Kanton Aargau unterstützt jüdisch-christliches Begegnungszentrum
In den Aargauer Gemeinden Lengnau und Endingen soll ein jüdisch-christliches Vermittlungsprojekt entstehen. Für das geplante Begegnungszentrum «Doppeltür» hat der Kanton nun 4,65 Millionen Franken zugesagt, wie die Staatskanzlei Aargau am Montag mitteilte. Das Geld dafür stamme aus dem Swisslos-Fonds.
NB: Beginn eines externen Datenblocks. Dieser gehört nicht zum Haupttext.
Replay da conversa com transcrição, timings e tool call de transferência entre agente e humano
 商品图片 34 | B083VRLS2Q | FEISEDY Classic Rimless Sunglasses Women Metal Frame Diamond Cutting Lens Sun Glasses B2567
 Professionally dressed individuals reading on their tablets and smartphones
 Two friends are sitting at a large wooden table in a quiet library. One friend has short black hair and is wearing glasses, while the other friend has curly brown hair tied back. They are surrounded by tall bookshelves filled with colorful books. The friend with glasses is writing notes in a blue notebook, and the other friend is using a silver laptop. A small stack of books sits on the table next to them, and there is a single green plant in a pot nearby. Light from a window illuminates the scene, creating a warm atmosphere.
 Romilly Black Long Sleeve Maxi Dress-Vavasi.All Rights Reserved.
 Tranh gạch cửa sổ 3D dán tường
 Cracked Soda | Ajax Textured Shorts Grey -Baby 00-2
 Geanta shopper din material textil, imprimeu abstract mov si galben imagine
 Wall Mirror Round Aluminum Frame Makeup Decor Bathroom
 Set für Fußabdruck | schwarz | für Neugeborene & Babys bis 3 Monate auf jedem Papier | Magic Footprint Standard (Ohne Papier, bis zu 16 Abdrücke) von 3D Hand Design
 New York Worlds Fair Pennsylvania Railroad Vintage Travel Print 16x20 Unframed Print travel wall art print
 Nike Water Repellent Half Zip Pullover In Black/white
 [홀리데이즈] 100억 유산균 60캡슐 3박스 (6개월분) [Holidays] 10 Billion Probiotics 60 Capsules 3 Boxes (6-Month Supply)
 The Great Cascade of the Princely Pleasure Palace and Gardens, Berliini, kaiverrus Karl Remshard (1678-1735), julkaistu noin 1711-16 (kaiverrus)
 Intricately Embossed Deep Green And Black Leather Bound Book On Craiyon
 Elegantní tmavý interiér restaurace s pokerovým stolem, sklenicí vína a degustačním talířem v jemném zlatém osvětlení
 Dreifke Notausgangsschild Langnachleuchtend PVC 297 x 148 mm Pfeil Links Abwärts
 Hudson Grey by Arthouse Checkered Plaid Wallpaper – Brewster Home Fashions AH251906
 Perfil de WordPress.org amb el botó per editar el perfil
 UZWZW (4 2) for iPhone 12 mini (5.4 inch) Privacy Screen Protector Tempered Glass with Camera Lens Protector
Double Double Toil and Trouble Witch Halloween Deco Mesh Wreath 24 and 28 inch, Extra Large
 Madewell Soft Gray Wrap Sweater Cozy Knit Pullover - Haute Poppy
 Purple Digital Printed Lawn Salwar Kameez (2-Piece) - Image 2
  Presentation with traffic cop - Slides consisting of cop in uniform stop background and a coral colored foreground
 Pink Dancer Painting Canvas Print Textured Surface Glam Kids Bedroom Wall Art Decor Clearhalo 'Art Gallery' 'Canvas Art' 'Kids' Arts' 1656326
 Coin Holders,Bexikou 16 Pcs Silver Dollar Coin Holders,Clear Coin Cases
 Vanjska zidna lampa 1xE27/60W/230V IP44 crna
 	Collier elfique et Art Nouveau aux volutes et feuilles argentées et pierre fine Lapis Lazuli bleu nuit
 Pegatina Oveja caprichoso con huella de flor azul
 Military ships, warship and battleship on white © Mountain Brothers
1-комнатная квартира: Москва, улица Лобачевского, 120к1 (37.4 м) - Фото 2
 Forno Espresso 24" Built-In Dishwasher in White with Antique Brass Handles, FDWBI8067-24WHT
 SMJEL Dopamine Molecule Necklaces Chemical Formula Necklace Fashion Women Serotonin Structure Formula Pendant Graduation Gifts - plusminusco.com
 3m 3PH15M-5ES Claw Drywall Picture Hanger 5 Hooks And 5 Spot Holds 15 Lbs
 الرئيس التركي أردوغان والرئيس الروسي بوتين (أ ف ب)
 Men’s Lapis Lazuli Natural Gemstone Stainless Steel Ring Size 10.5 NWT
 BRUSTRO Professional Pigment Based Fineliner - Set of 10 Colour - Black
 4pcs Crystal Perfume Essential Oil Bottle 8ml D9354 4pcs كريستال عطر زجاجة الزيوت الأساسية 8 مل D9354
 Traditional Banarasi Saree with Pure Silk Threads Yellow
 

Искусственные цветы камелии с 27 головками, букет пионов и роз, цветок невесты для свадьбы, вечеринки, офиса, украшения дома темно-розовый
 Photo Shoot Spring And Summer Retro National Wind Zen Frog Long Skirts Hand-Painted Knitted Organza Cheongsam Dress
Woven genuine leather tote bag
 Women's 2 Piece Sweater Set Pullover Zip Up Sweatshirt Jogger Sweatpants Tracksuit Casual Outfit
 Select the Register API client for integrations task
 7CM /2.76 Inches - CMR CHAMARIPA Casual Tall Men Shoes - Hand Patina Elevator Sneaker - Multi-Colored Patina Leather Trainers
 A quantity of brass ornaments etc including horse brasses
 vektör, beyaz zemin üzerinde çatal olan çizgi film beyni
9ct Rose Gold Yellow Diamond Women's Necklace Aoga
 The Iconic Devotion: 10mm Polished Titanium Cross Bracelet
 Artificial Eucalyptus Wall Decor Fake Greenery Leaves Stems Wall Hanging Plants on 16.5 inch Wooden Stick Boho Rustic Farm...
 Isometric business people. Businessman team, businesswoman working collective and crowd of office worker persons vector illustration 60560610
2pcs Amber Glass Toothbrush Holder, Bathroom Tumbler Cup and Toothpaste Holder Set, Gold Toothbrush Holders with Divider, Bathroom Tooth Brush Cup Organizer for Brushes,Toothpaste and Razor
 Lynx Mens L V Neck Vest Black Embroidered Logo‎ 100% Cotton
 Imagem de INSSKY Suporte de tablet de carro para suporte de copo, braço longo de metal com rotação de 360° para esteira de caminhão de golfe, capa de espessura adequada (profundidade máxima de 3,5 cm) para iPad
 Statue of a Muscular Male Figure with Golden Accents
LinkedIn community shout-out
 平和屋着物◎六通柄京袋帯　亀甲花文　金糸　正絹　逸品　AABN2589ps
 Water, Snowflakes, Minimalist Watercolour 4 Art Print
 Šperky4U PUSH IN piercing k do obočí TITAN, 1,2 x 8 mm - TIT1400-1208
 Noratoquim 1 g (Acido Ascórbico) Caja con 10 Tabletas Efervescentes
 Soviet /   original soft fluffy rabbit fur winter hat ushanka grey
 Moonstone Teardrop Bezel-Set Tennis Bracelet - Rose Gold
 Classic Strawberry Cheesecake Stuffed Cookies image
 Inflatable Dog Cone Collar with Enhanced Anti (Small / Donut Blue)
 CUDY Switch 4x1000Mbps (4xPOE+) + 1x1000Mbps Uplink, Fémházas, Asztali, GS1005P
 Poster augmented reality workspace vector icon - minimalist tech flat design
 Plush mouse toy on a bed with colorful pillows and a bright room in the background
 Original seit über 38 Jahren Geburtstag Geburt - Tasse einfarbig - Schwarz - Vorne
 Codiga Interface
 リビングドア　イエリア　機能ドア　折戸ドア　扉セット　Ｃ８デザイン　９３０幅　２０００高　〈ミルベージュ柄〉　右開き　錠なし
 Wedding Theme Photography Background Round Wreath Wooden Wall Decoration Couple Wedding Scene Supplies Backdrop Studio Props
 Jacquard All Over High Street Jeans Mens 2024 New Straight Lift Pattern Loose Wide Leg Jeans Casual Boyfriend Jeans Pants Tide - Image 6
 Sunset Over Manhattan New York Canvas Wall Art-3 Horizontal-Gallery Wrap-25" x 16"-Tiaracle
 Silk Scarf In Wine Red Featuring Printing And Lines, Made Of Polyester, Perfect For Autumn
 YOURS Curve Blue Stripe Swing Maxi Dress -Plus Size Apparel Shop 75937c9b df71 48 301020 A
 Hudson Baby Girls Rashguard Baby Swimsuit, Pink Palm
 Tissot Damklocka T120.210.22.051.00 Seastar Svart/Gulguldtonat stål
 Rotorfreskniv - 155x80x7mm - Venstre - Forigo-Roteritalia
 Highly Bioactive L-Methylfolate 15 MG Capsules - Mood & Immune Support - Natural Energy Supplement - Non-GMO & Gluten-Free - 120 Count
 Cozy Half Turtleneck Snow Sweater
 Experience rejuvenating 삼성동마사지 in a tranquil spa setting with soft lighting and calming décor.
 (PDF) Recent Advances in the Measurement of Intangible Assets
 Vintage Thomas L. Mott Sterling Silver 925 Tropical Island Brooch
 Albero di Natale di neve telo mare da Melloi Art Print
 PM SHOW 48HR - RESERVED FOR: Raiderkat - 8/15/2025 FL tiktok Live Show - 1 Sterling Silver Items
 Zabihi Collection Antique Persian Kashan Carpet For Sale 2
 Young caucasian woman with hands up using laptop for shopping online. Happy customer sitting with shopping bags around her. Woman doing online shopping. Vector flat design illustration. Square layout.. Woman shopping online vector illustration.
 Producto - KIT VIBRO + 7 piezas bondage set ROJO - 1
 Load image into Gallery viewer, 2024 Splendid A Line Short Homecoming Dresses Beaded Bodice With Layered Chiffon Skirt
Das für 2023 geplante Zentrum will das historische Erbe sowie das Zusammenleben von Juden und Christen in den Dörfern im Aargauer Surbtal sichtbar und erlebbar machen. Bis 1866 waren Lengnau und Endigen die einzigen Orte der Schweiz, an denen sich jüdische Menschen dauerhaft niederlassen durften.
Aktuelle Themen aufnehmen
Das Zentrum werde aktuelle gesellschaftliche Themen wie interkulturelles Zusammenleben, Migration, Respekt oder Toleranz thematisieren, hält die Staatskanzlei fest.
Das Vermittlungsprojekt bindet sich ein in den 2009 eröffneten Jüdischen Kulturweg und sieht sich als Ergänzung zum Jüdischen Museum in Basel und zu den Jüdischen Museen und Einrichtungen im nahen Deutschland und Frankreich. (sda/no)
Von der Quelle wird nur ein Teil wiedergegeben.